/clouseau

Expose Lucene features as an erlang-like node

Primary LanguageScalaApache License 2.0Apache-2.0

clouseau

Expose Lucene features to erlang RPC.

Configuration options

This guide explains the various clouseau configuration options available, and how to use them to tune clouseau performance and scalability. There are two categories of clouseau options, first category is about tuning the JVM (ex: Xmx) and other category of options that go into clouseau.ini.

Clouseau configuration options (as determined by the relevant role in chef-repo) are stored in /opt/clouseau/etc/clouseau.ini and some options (about JVM tuning) go into the command used to start and stop clouseau.

Example clouseau configuration options in clouseau.ini:

[clouseau]
max_indexes_open=15000
close_if_idle=true
idle_check_interval_secs=600

Changing the clouseau options

In order to change the clouseau config, an operator must edit the role (corresponding to the cluster) in the chef-repo. And push the changes to chef, follow these guides to apply the changes made in chef repo:

chef-workflow

knife configuration

Example role file (showed only the clouseau section) which resulted in the configuration mentioned in the above section:

"clouseau": {
      "close_if_idle": true,
      "idle_check_interval_secs": 600,
      "min_memory": "12G",
      "max_memory": "15G",
      "max_indexes_open": 15000
    }

Deep dive into clouseau options

Tweaking these clouseau options, by updating role file corresponding to the cluster, would enable us to handle the various work load scenarios and allow us to better utilize the available hardware resources. In the following sections, will go over these options and explain the significance of each one of them and provide some guidelines on how to tune them.

max_memory

As you know, clouseau's run time is Java and max_memory option allows us to tune the maximum heap size for the JVM. By default this is set to 2GB and is recommended to tune it based on the the work load. The amount of heap usage depends on the number of active (opened) search indices and also the search load (sorting etc). The amount of heap required usually correlates with the max_indexes_open settings, so if we want to have higher number of indices opened then we need higher value set for max_memory.
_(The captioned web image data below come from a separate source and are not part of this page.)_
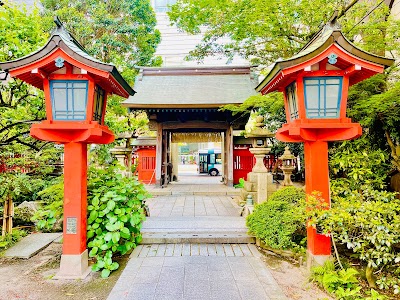水鏡天満宮（容見天神）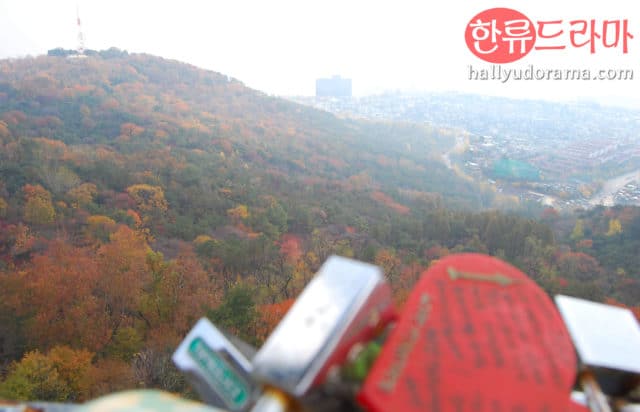 Korean Autumn in Namsan
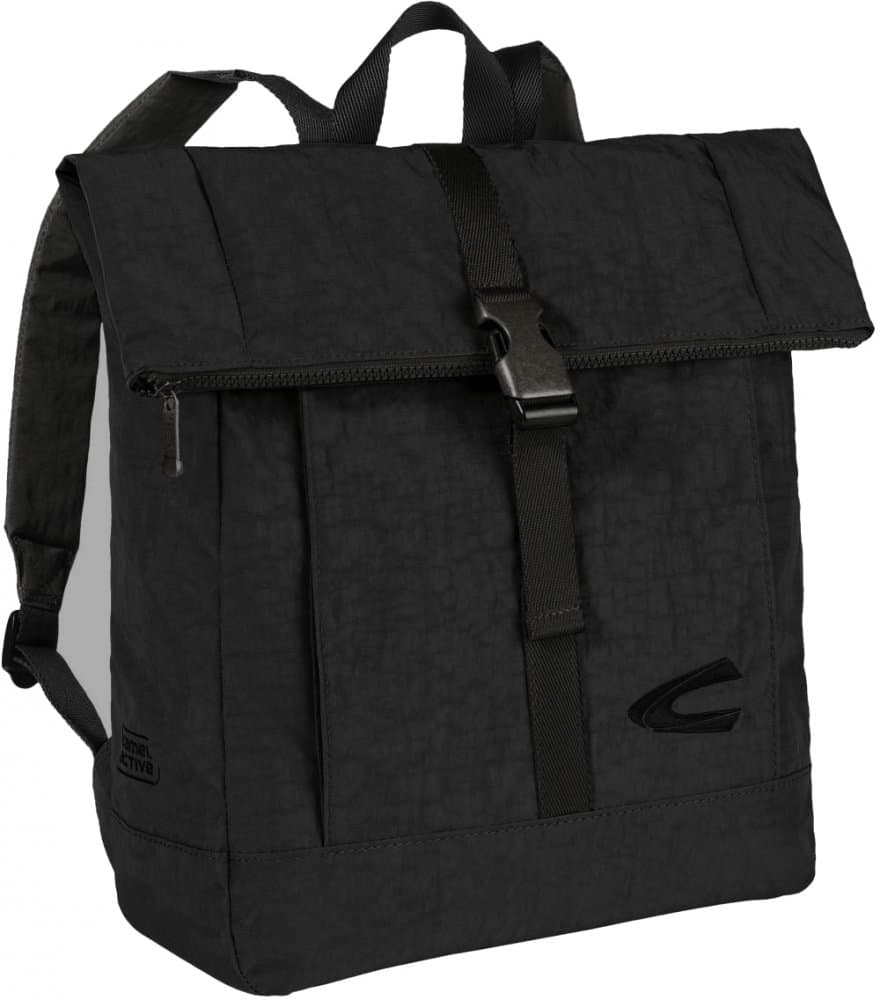 Camel Active  Pánský městský batoh černý B00-229-60 - náhled 4
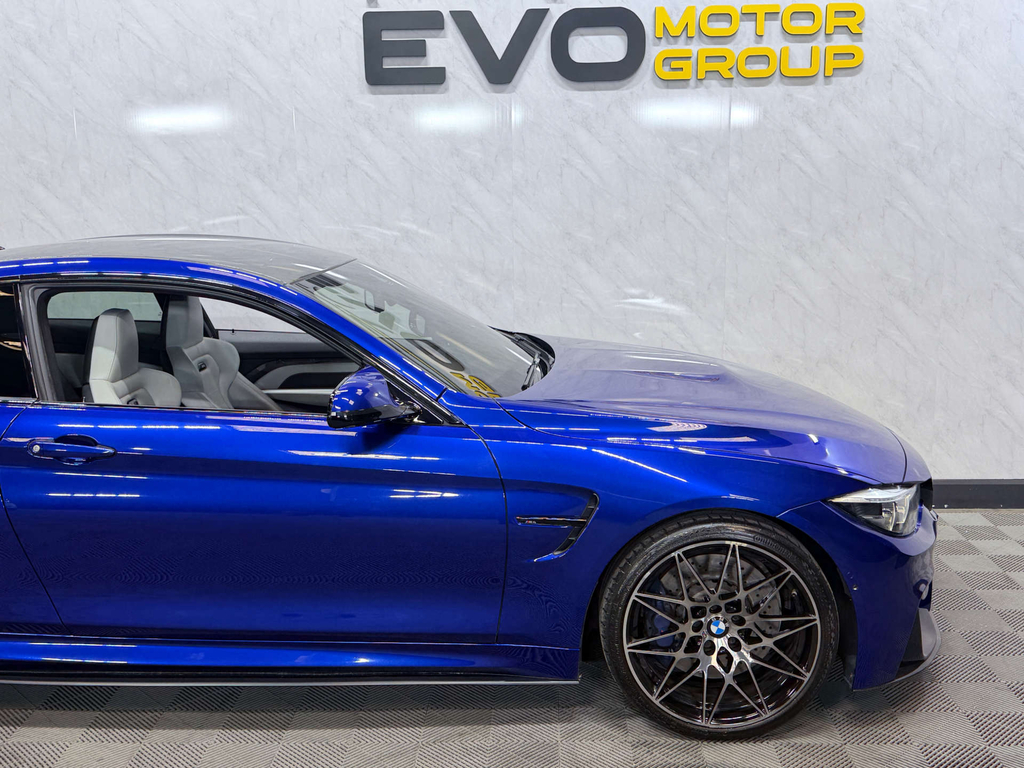 BMW M4 M4 Dct Competitionultimate Pack Blue #16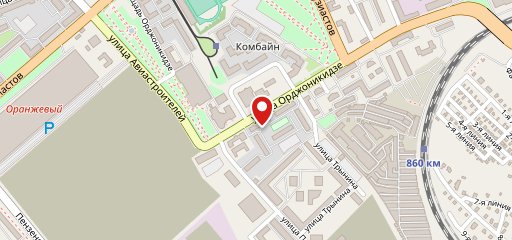 Бочка на карте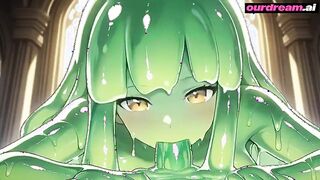 GREATEST Anime Slime Damsel Compilation - Anime porn Wish (Part 1)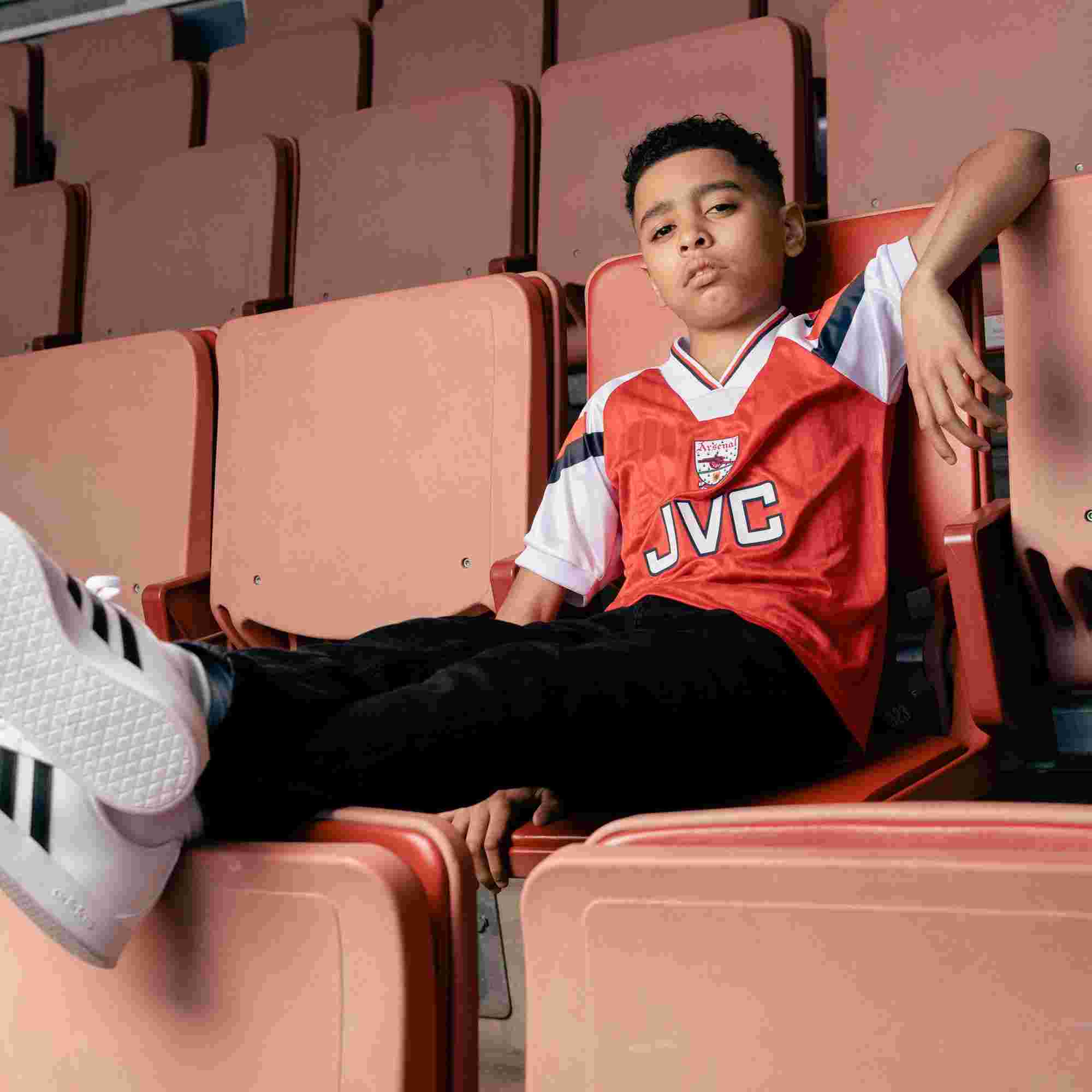 Arsenal Kids Retro 92-94 Home Shirt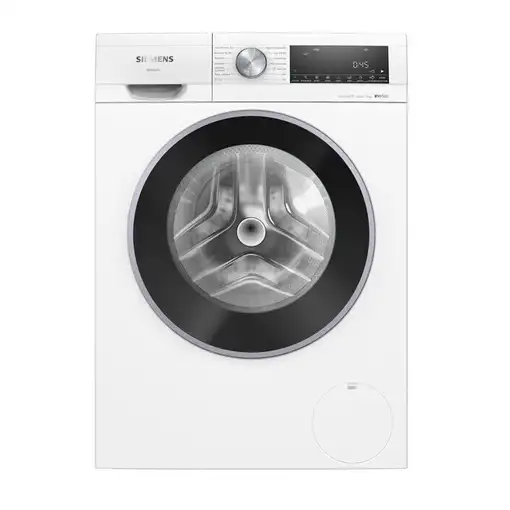 Lavadora de 10 kg 1400 rpm Negro WG54G2Z0ES SIEMENS Lavadora de 10 kg 1400 rpm Negro WG54G2Z0ES SIEMENS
The recommendation is to keep max_memory to maximum of one third of the available memory and to never allocate more than 50% of the total available memory. So if the nodes on cluster have 30GB of memory available, then limit max_memory setting to 10GB and if that's not enough and the user workload still requires more memory then we may increase it to 15GB (50% of available). But be cautious when going over the one third of the available memory as it could result in less memory available for erlang runtime and the OS.

min_memory

This setting is optional and is recommended to set in the cases of higher maximum heap size (> 8GB). And if set, keep it at 80% of max_memory and can't be more than max_memory. This option allows the JVM to set initial memory when the JVM started (clouseau start) to avoid dynamic heap resizing and lags.

max_indexes_open

This option allows to specify the maximum number indices opened at a given point of time. As clouseau uses Lucene, and each index opened by lucene has an overhead (mainly heap), and if we don't close the indices then the JVM will run out of memory and hence this option to limit the number of opened indices. By default this is set to 200, and for many large deployments where the customers have many active indices, we had to significantly increase this number(in the above example it's set to 15000). Once we reach this limit then clouseau will close the oldest index (in terms of when its opened).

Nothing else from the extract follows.